*** Opening of Data shown ***

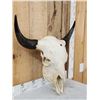 Image 3 : Big American Bison Buffalo Skull Taxidermy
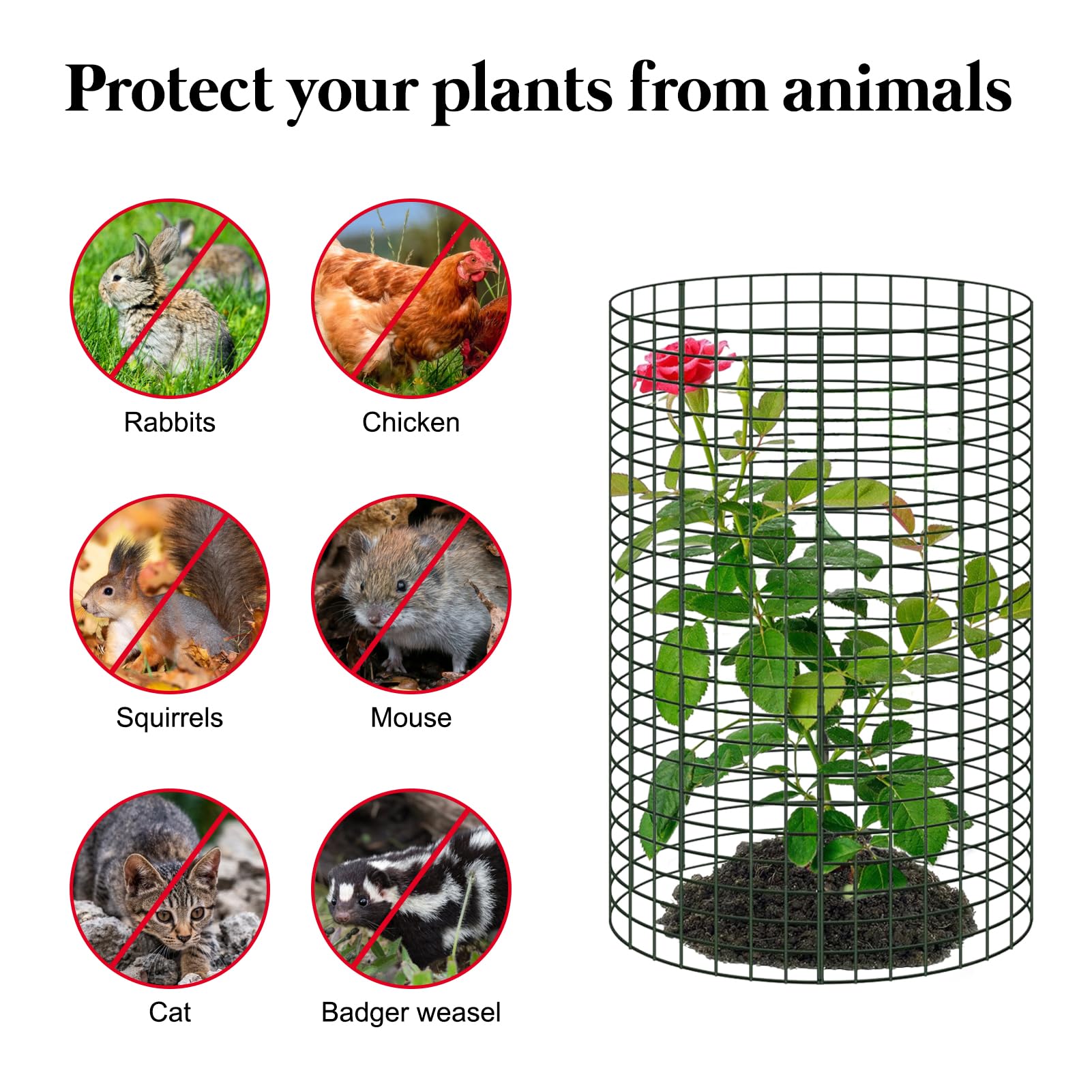 Lot de 6 grandes cloches de protection pour plantes en fil métallique de 45,7 x 30,5 cm contre les animaux, 18 pièces en métal avec piquets de sol et attache en nylon pour garder les animaux à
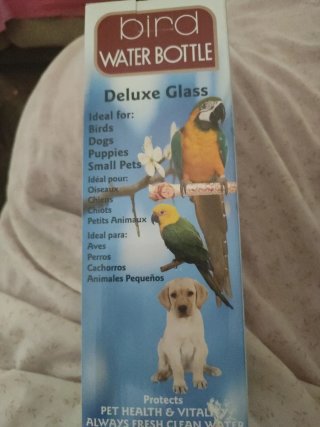 Botella de Agua para Pájaros Deluxe Glass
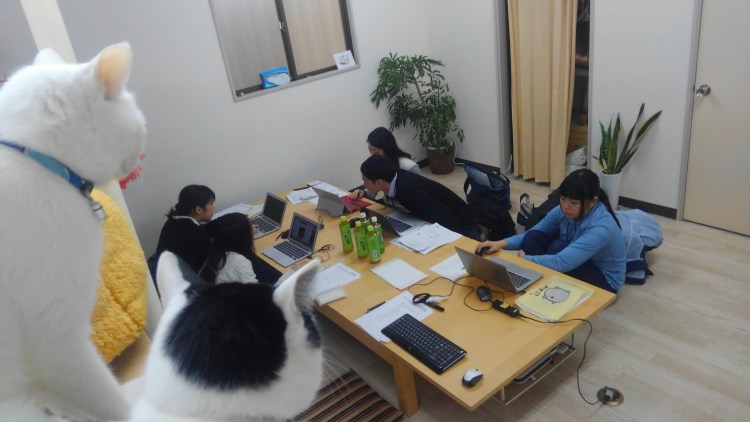 Офис с котами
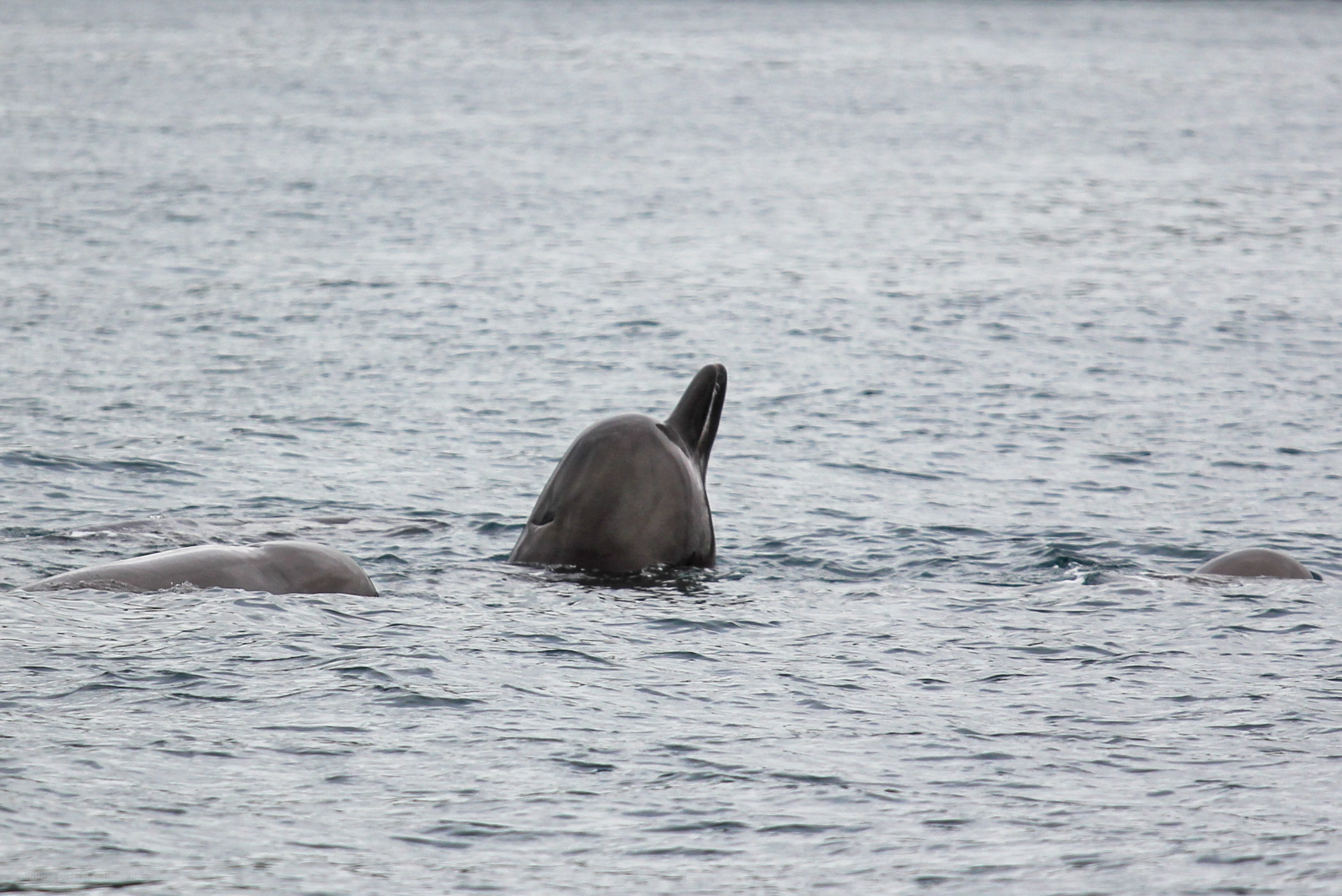 Northern Bottlenose Whales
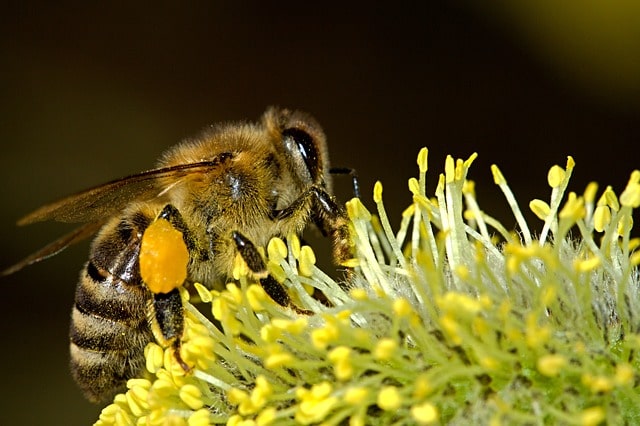 Seven Reasons to Love Bees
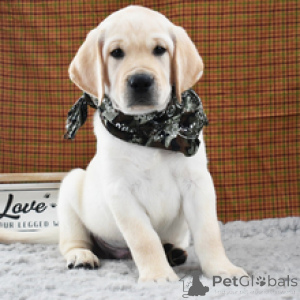 Foto №1. labrador retriever - zum Verkauf in der Stadt Berlin | 600€ | Ankündigung № 173205
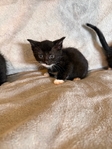 Kittens for sale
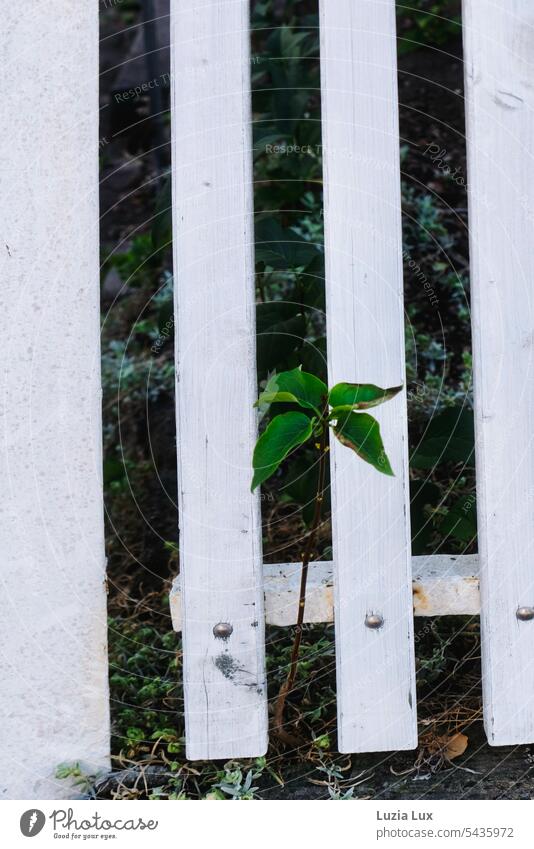 Baumschößling wächst heran, schiebt sich durch einen weißen Lattenzaun... Schößling wachsen Wachstum Symbolik Wille Überlebenswille grün Pflanze Natur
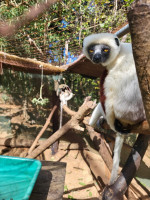 /album/fotogaleria-madagaskar-zajazd-vy-a-my1/madagaskar-zajazd-161-jpg2/
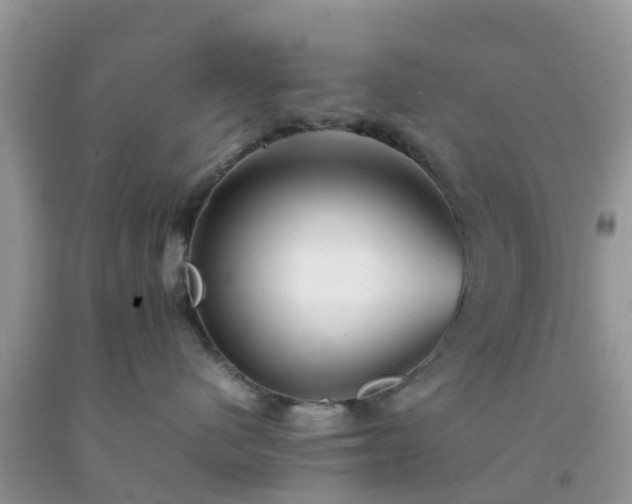 X0000092050480200709191124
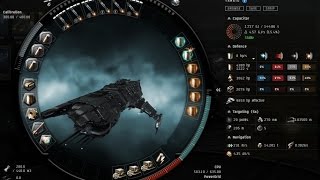 welcome to eve online tengu ratting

*** Close of Data shown ***

(Task prompt) Working from the line with "Seven Reasons to Love Bees" to the last line of the material above, repeat each line exactly and leave out the pictures.

(Solution to the exercise)
 Seven Reasons to Love Bees
 Foto №1. labrador retriever - zum Verkauf in der Stadt Berlin | 600€ | Ankündigung № 173205
 Kittens for sale
 Baumschößling wächst heran, schiebt sich durch einen weißen Lattenzaun... Schößling wachsen Wachstum Symbolik Wille Überlebenswille grün Pflanze Natur
 /album/fotogaleria-madagaskar-zajazd-vy-a-my1/madagaskar-zajazd-161-jpg2/
 X0000092050480200709191124
 welcome to eve online tengu ratting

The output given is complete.